### Task to complete
What you write must match, character for character, the lines from the one with "Free printable Mother" down to the one with "HOMCOM HOMCOM 4-Tier" in the listing below, minus its pictures.

### Data supplied

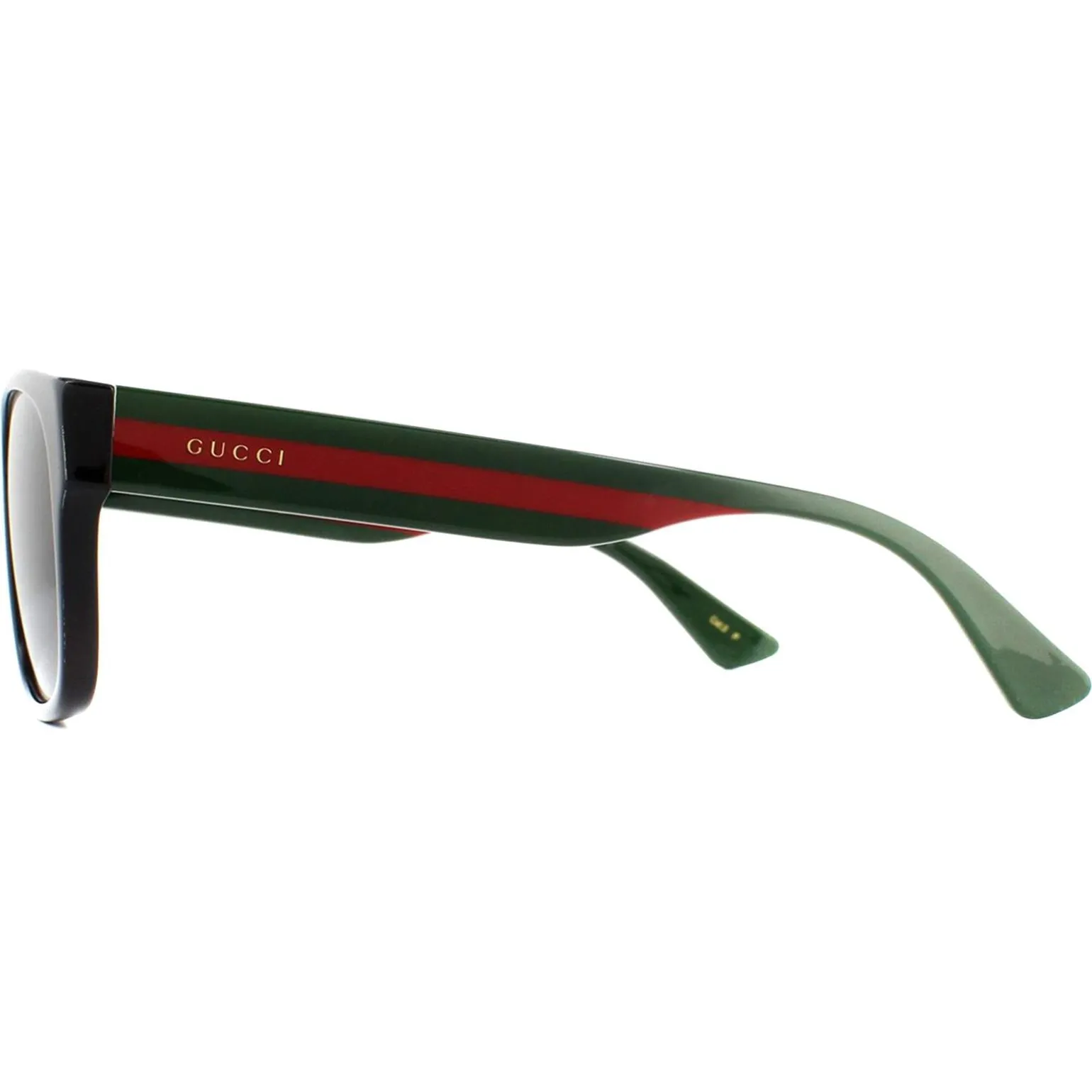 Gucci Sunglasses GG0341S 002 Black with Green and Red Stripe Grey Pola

---

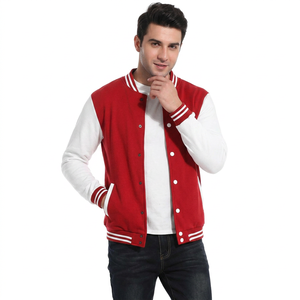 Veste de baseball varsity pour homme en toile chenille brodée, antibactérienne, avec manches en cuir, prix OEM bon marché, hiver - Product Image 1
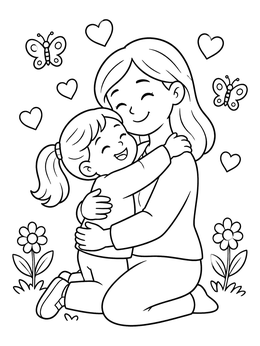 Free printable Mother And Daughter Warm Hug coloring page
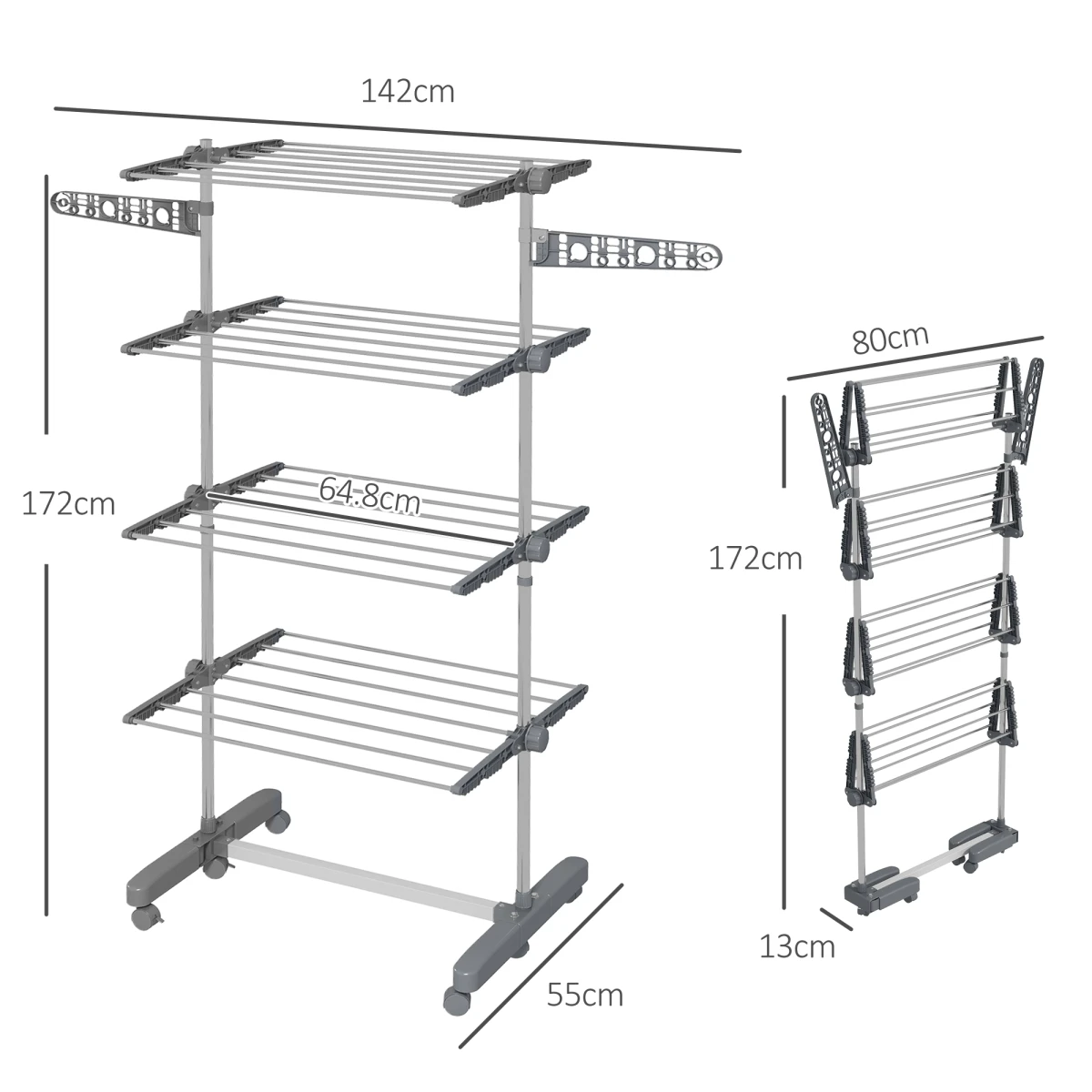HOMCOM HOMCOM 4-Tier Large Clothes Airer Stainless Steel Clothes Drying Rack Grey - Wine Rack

### Written response
 Free printable Mother And Daughter Warm Hug coloring page
HOMCOM HOMCOM 4-Tier Large Clothes Airer Stainless Steel Clothes Drying Rack Grey - Wine Rack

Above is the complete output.